**Exercise goal:**
In the entries below, the lines from the one with "Abstract mosaic Christmas tree" through the one with "40 Pcs Hole" are to be copied exactly; both ends count.

**Records shown:**
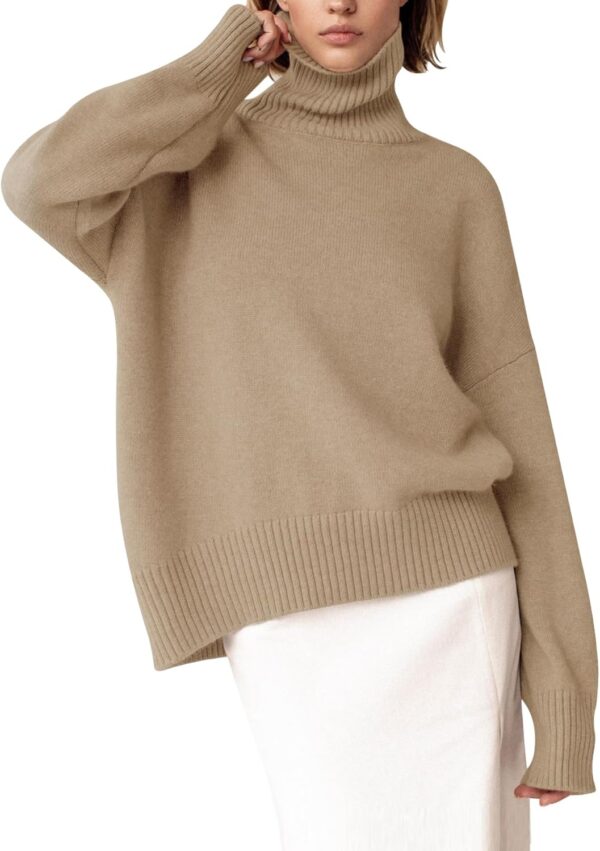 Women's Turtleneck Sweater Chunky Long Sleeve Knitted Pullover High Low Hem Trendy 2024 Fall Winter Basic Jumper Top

* * *

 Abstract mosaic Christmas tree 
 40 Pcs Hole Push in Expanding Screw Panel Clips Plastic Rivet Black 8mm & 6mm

**Exercise response:**
 Abstract mosaic Christmas tree 
 40 Pcs Hole Push in Expanding Screw Panel Clips Plastic Rivet Black 8mm & 6mm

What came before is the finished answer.